*** Opening Data for review ***
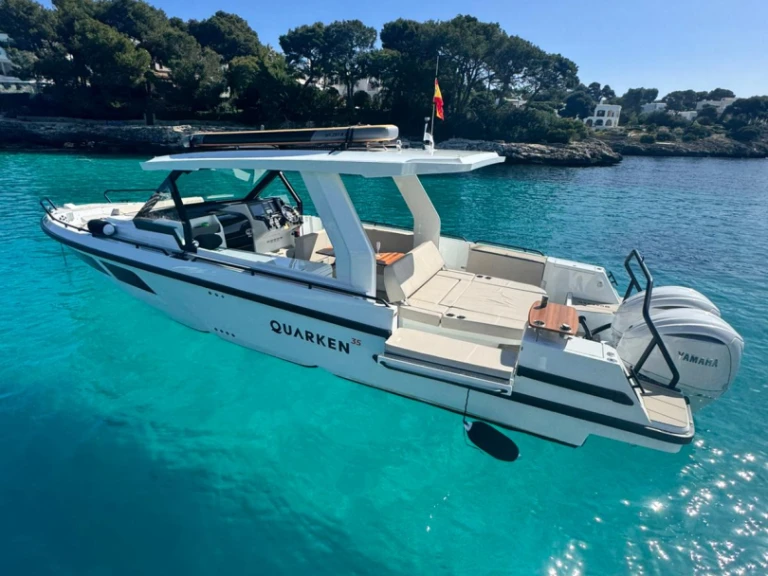 Motorboat for rent Manacor at the best price
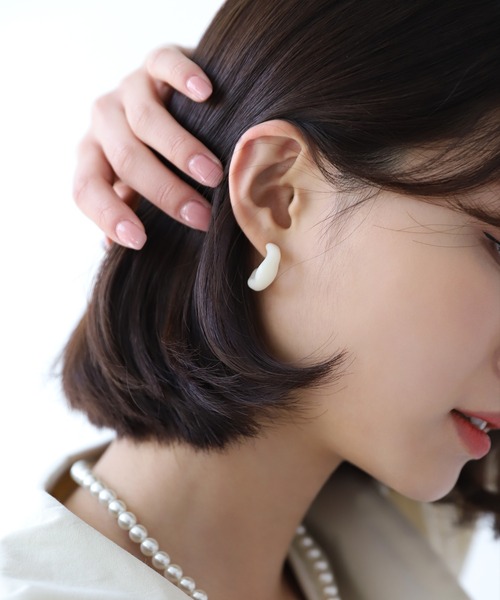 UNE MANSION（ユヌマンション）の「マーブルホマイカピアス（ピアス（両耳用）・レディース・ブラウン/グリーン/アイボリー・ONE SIZE）」の13枚目の写真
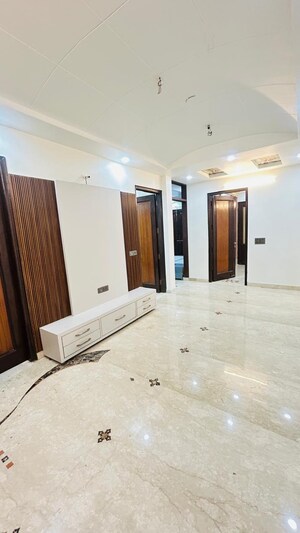 Room in 4 BHK Builder Floor at Vivek Vihar – for Sale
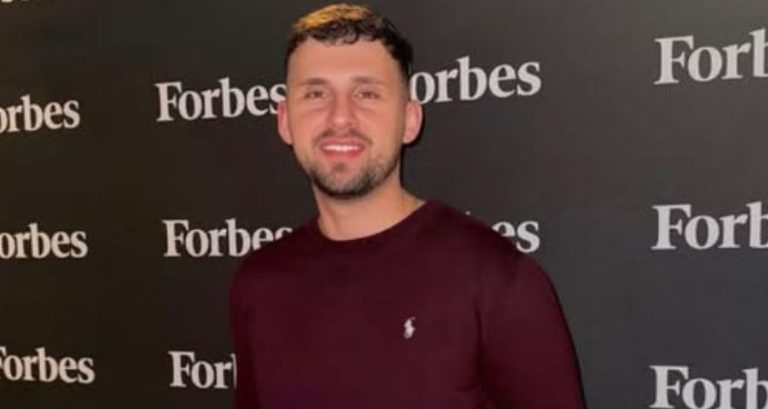 Shqiptari përfshihet në listën “30 Under 30” të Forbes-it, përgëzohet nga Haxhiu
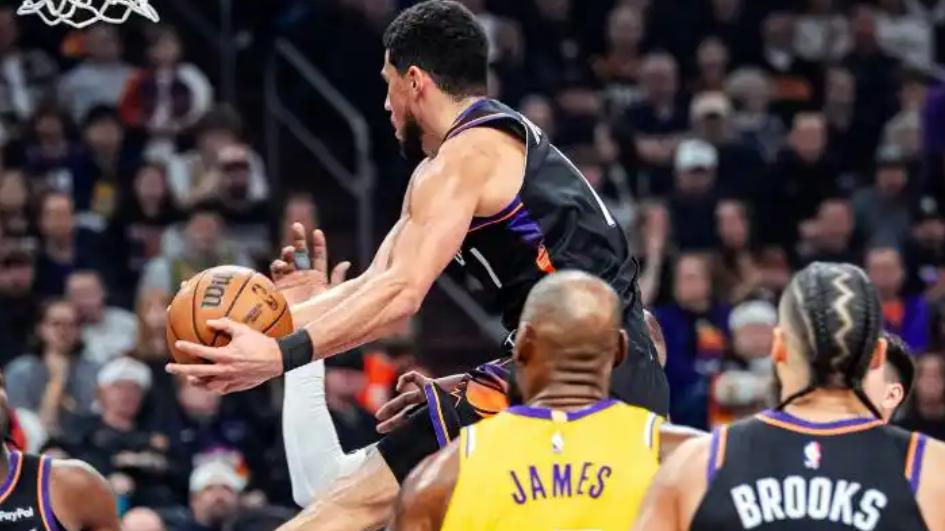 湖人本赛季2弊端尽快改吧！防守纯送，角色球员给不到任何帮助！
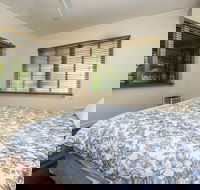 Picnic Bay Apartments Unit 3 - Perths Hotel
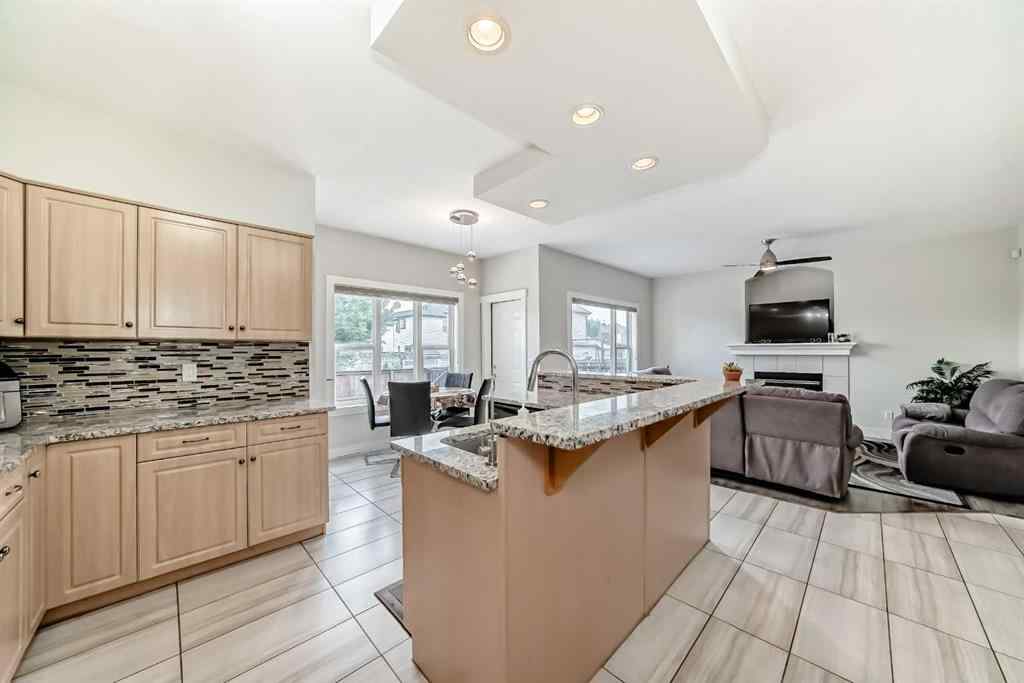 MLS® A2253970 - 70 Martha's Meadow Close NE in Martindale Calgary, Residential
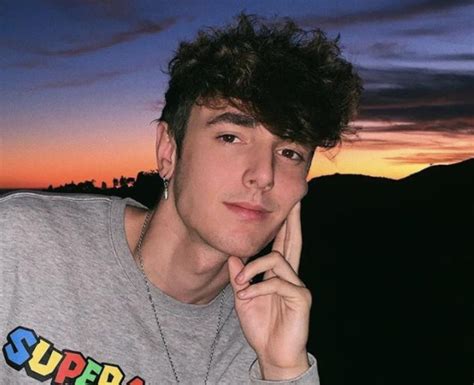 How tall is Bryce Hall? - Bryce Hall: 17 facts about the TikTok star you should know - PopBuzz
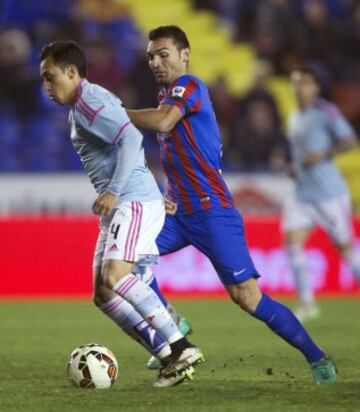 Orellana pelea un balón con David Barral.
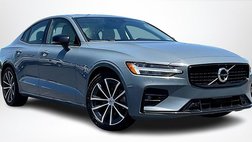 2022 Volvo S60 B5 Momentum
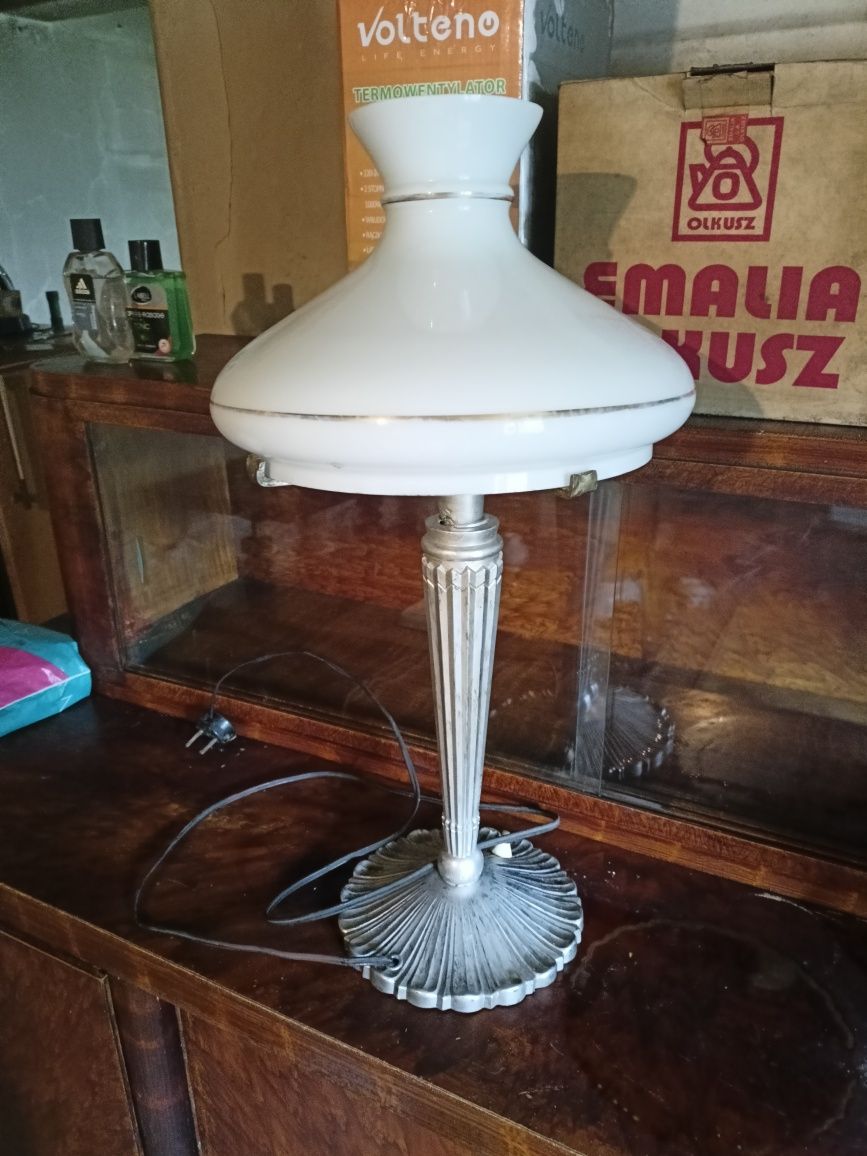 Lampa PRL działa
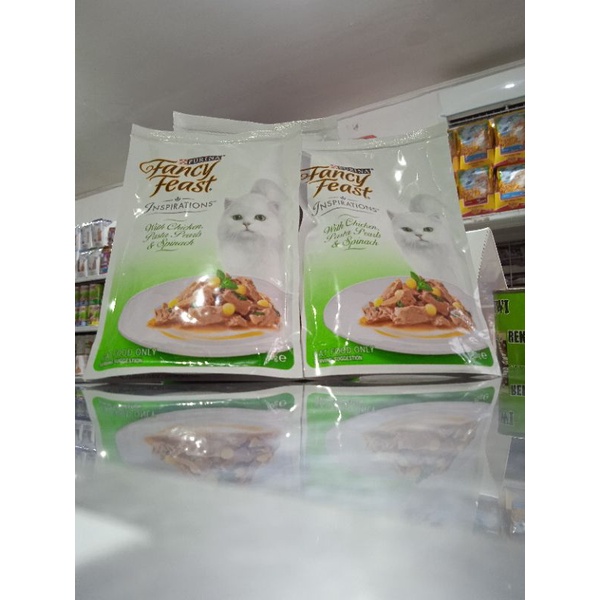 Makanan kucing fancy feast inspiration with chicken pasta pearls &amp; spinach 70g paket 12pics/ 1dus
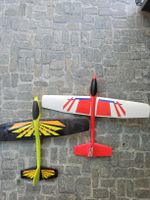 Zwei Styrophor-Flieger für Kinder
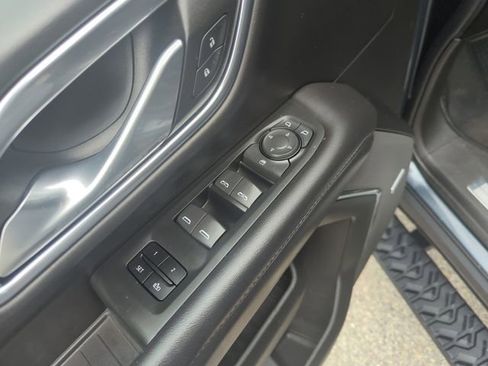 Used 2021 Chevrolet Suburban Z71 AWD/4WD image 16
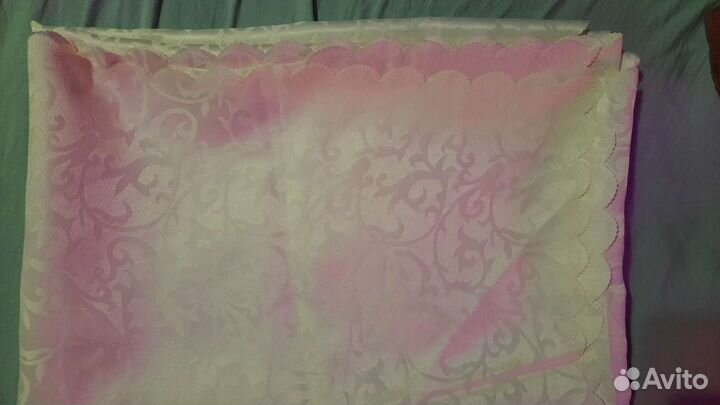 Скатерть белая водоотталкивающая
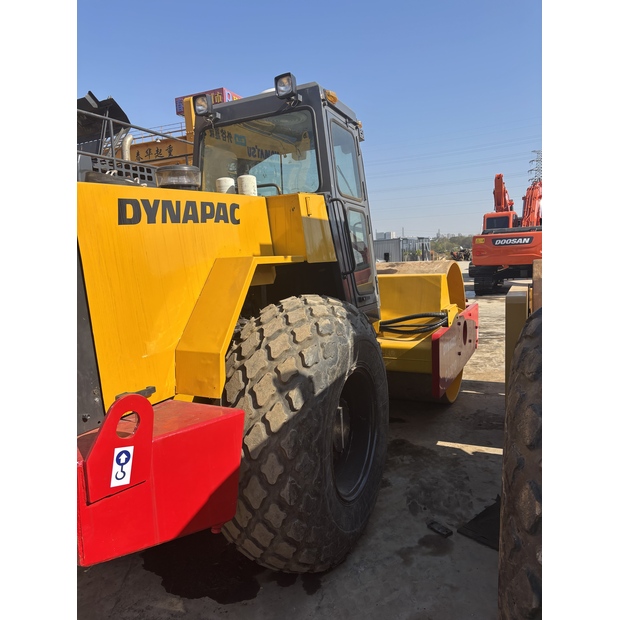 2023 DYNAPAC CA301D-42785058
*** Closing Data for review ***
> Work to complete:
Could you set down exactly, and only, the lines from the line containing "Used 2021 Chevrolet" through the last line of the records, both included, without the pictures?

> Finished task:
 Used 2021 Chevrolet Suburban Z71 AWD/4WD image 16
 Скатерть белая водоотталкивающая
 2023 DYNAPAC CA301D-42785058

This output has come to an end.